私が好きな柔法(関節技)は、上手な先輩はあまりおられず、クラブの中では私が一番うまかったかな。
地味だし、柔法の試合なんかなかったし、みなさん、あんまり喜んでは練習してなかったです。
監督の道院に行けば、ハイレベルなことも学べましたけど、大学クラブでは、走ったり飛んだり腕立て伏せしたりばっかり。
私が幹部になった時は、柔法の指導も増やしましたが、後輩どもは体が楽なので喜んでましたが、同輩たちは、なまっちょろい練習してからに!という目で見ておりました。なんせ、体力を消耗する練習が重んじられていたのが、大学体育会武道系だったのであります。

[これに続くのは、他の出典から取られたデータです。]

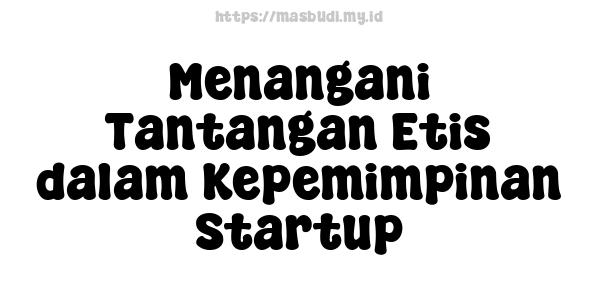 Menangani Tantangan Etis dalam Kepemimpinan Startup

私が柔法が上手だったのは、高校生の時の相方が、プロレスマニアで、サブミッションの練習に散々付き合わされたからです。アキレス腱固めとか、そんなん少林寺拳法に無い!っちゅう練習もずいぶんやってました。(虎固めという、足を取る技はありますが)
先日、安田先生の講習会の休み時間に、体育館の端っこでアキレス腱固めの練習している人がおられたので、高校生の頃を思い出しました。イノキ、ボンバイエ!
ちと、話がそれましたけど、太極推手は、防具も気合もいらないし、血も見ないし(普通は)、一時間連続しても疲れないし、やればやるほど練度の上がり具合も感じられるし、バリエーションは豊かで、無限の変化があり、日頃練習している套路の意味が分かり、套路の質も高まり、興味は尽きず、やるほどにどんどんハマっていきます。
初心者からベテランまで、レベルに応じた練習ができます。
私の知る中で最高峰は、安田先生とかN先生とか、次に異流派推手交流会に来られる猛者たちですが、みんなそれぞれ雰囲気が違い、同じような感じの人はいません。バリエーション豊かです。
全くの初心者ともよくお手合わせします。妙齢女性が多いですが、すぐ上達するので面白がられます。ゲームを覚えるみたいな感じですね。
同年代男性だと、武術的なテイストを入れて、打ったり蹴ったりも混ぜていきますが、大学生の乱捕みたいに、痛くはしないです。防具はつけません。ゆっくり軽く当てるだけですが、太極拳に対する感覚が変わっていきます。
微細な勁のやり取りを好む人には、そのように合わせますし、激しく動きたい人にはそのように合わせますし、十人十色に合わせて、私の方もキャパシティが広がります。
私が先生をやっている、自治会の公園教室では、陳式推手の基本からじっくりやって、ゲーム的要素は入れてません。完全に套路の補助練習です。それでも、できるようになると面白いので、生徒の皆様、喜んで取り組んでいます。
推手って、実に様々な取り組み方、練習方法があります。ゲーム的勝敗にこだわりすぎると、競技っぽくなって宜しくないと思いますが、楽しくやるぶんにはよいですね。
套路にピタッと合う感覚を目指せば、これは達人への道です。私はそっちが好きかなあ。
うちの生徒さん、達人を目指しているわけではありませんが、私のこだわりに合わせてもらっております。陳式推手って、なかなか練習できるところはないですから、私にとっても貴重な場です。
何も知らずに練習しているオバサマ方、他所に出た時に、自分のハイレベルさに気づいたら、面白いだろうなーと、企んでおるのです。まあ、まだまだですけど。